Sunday, November 25, 2012

The After






This needs to be the first thing I write.
Before I get sucked back into the vortex of the white middle class life I live.  The life where I am gifted with health and wealth and happiness and my babies have full bellies, and squishy pillows and too many toys and don't have to go out at night asking strangers for money with skin black from filth and matted hair covering wildlife festering underneath.  The life where I write about being healthy and happy.  And inane slices of my inane life.

We've just got back from 16 incredible days of India and yes, there will be funny yarns to come.  But first this.

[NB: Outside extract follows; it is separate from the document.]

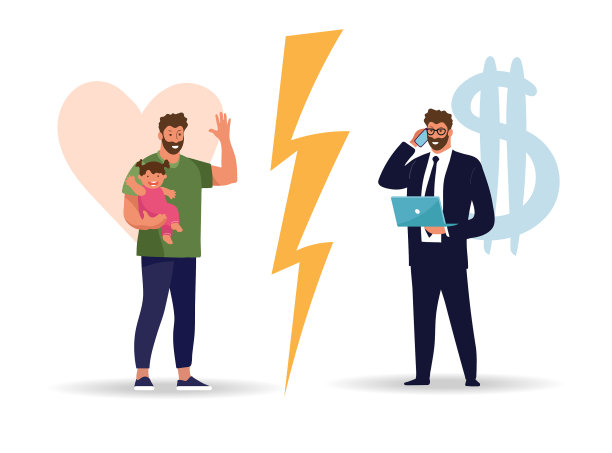 一个男人在家庭和工作之间做出选择图片下载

I know many of you read the fabulous Eden from Edenland and know she has just travelled to India with World Vision.  Her powerful descriptions of her experiences in Very Non-Touristy India are more confronting than ours as we wandered through Touristy India.  But the assault on the senses and the heart were shared.  You see India is everything we expected it to be.  It's filthy, but somehow the filth filtered out after a while and it became normal to seeing two crows pecking at a dead rat near where you're standing attempting to cross the roads.  It became normal to walk across a pile of rubbish rather than walk around it, as there is rubbish there too. It became normal to look fierce and angry, avoiding all eye contact so you wouldn't have to respond to the touts and the beggars.  Once The Husband rudely ignored a man's handshake at a restaurant as he thought was a tout trying to get something off us.  It was just a man celebrating Diwali with his family.  My husband went back, apologised, shook his hand, and chatted with the family.  Our default to rudeness shocked us.  We're nice people.  It became normal to walk single file not straying from a straight line as only cm's away was a car tyre, motorbike, rickshaw, cow or tout.  Hold your line.  It amazes me we came home with no injuries.  Someone had our back while we were there because noone can be that lucky.  It became normal to look into a tired room with dampish sheets and nod our heads saying "that will be fine".  The old plastic buckets and jugs for cleaning your bum even became normal (even if unused).

And sadly, the beggars and the poverty became normal.  But I've got to give this some perspective.  This is their normal.  They know no other life.  For many, this is the life they are born into and they will die in.  Their terms of reference to life is this.  Rightly or wrongly.  And we can't change this.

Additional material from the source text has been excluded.